Living in California and drinking locally, alcohol-wise, is by no means difficult. From the world-famous wine regions in Northern California to the craft beer Mecca of San Diego County and a few other noteworthy sources of wine, beer and booze (SF's Anchor Distilling makes thoroughly interesting and much-lauded historic rye whiskeys and gin) scattered along the state's length, there's plenty to choose from. Its anyone's guess where the various grains and hops that go into the beer and booze come from, but the grapes which are crushed, fermented and aged for California wines are nearly always homegrown. But our closest wine producing region, Temecula, just over the Riverside County line–versus about 150 or more miles to reach Santa Barbara County wine country and other points north–doesn't rank among the greats with Napa and Sonoma counties or those places so often referred to as being just like Napa in the '70s (pre-Sideways Santa Barbara, Paso Robles). Not to be swayed by the hype, Stick a Fork in It picked up a few bottles of Temecula wines, both whites, from BevMo to try out for this week's Dueling Dishes . . . or Dueling Bottles, if you'd prefer.

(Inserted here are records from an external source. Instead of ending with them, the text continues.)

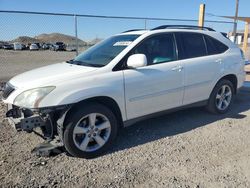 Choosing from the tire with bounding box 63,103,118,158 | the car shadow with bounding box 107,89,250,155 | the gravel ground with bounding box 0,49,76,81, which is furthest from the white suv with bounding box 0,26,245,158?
the gravel ground with bounding box 0,49,76,81

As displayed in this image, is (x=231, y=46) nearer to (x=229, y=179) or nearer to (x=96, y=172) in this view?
(x=229, y=179)

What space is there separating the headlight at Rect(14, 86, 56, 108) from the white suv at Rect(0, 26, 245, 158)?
12 millimetres

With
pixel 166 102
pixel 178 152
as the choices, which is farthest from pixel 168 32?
pixel 178 152

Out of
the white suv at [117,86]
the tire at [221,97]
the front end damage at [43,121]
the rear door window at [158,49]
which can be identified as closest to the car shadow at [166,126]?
the tire at [221,97]

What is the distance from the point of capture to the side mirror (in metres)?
3.83

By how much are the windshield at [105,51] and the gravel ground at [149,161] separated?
1.31 metres

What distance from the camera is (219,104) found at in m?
5.49

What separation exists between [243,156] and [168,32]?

BevMo carries a number of Temecula wines–a handful of whites, a sparkling wine, a red or two–with price points ranging from under $10 to the $20-$25 range for the champagne and reds. We picked up a Chenin Blac from Maurice Carrie Winery and a Chardonnay from Calloway Cellar Selections, both hovering around $8. The Chenin Blanc smelled good, even tasted OK–all those nice, crisp and fruity notes and flavors of apple and citrus and whatnot, dry on the finish–but with a strong hit of booze to it and some generally off tastes to it, it was just like . . . well, just like what you would expect for six bucks. The handy tasting notes card at BevMo suggested it would make the perfect pairing for a turkey sandwich. A turkey sandwich? How often are wines recommended as pairing sandwiches? Maybe its just a warning to not get too excited about your bottom dollar Chenin Blanc. Granted, the wine wasn't tasted alongside a turkey sandwich, but it's hard to imagine that some deli meat, mayo and bread could elevate it all that much.
The Calloway Cellar Chardonnay was, by far, the superior wine: crisp acidity on the nose, the more tropical and oaky tastes of a typical California Chardonnay on the back end. Why are these dueling dishes such blowouts? Its not planned, I promise–we aren't playing favorites. Calloway has a wine here that shows you can have an interesting, well-balanced bottle of booze for less than $10. From Temecula.
Is this Temecula's decade? Will they be saying by 2020, its just like Paso Robles was in the '90s? Will an Alexander Payne contemporary base a film there? Brooklyn-based indie rock band The Dirty Projectors have written a song about the town–which I'm quite certain is the only such song about a town in Riverside County–so who knows? It could happen.